Once the voiceover is generated, it needs to be refined and transcribed:

  • Audio Compilation: Edit out unnecessary noise and mistakes
  • Segmentation: Divide into 2-minute segments for optimal processing
  • Transcription: Use faster_whisper library for word-level and sentence-level timestamps

I'm using capcut to assemble the wav files generated by chatterbox, then I remove the noises, gaps and then cut them into max 2 minute chunks. This is somewhat manual to ensure quality control.

Audio waveform visualization showing the segmentation process and timestamp extraction

Custom Solution: I built my own sentence-level timestamp extractor because the default implementation sometimes cuts sentences in the middle, which breaks my shot list generation.

3. AI-Powered Shot List Generation

This is where the magic happens - using AI to plan the visual content:

  • Remotion Integration: Leverage the JavaScript framework's composition system
  • Available Shots: Query the /compositions endpoint to get available shot types
  • AI Planning: Send transcript + available compositions to Gemini AI
  • Structured Output: Receive JSON with sentence timing and composition data

I have a prompt craft api that pings the /compositions endpoint to get available compositons. it also has the voiceover files that it sends to the transcription endpoint, to get word level and sentence level timestamps. it then creates a prompt with the avalable composions some system prompt and also the transcription json.

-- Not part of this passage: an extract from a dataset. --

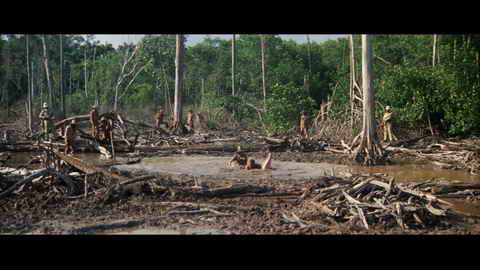Screenshot [06] zum Film Papillon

Screenshot of the shot list generation interface showing AI-generated visual planning

prompt.md file the api generates

4. Video Assembly & Rendering

The final step brings everything together:

  • MasterSequence Composition: Converts the JSON shot list into a timeline
  • Integrated Audio: No need for external NLE editors like Premiere Pro
  • Smart Transitions: Applied to only 50% of shots to avoid visual overload
  • Direct Rendering: Export final video from the Remotion timeline

Final video timeline showing the assembled shots with transitions and audio synchronization

Technical Implementation

The system processes 1-2 minute voiceover segments from a complete 4-6 minute script to generate accurate transcriptions. Each segment goes through:

  1. Whisper Transcription → Word/sentence timestamps
  2. Custom Sentence Extraction → Complete sentence boundaries
  3. Gemini AI Planning → Visual shot recommendations
  4. Remotion Rendering → Final video output

Here's a visual representation of the workflow:

Technical workflow diagram showing the data flow between different AI services

Key Benefits

  • Reduced Manual Work: Automates script-to-video pipeline
  • Consistent Quality: AI ensures proper timing and visual flow
  • Human Oversight: Maintains creative control and quality assurance
  • Scalable Process: Can handle multiple video projects efficiently

Future Improvements

  • Expand beyond 4-5 minute video limit tackling the context limit challenge of llms
  • Add more shot types / composotions for visual variety.
  • Multi shot sequence for sentences that need them
  • Automated image and video retreival and integration.

Conclusion

This semi-automated system represents a significant step toward more efficient video content creation. While AI handles the technical heavy lifting, human creativity and quality control remain essential for producing engaging content. The combination of modern AI tools with traditional video editing principles creates a powerful workflow that's both efficient and maintainable.

Have you experimented with AI-powered video creation? I'd love to hear about your experiences and any improvements you've discovered!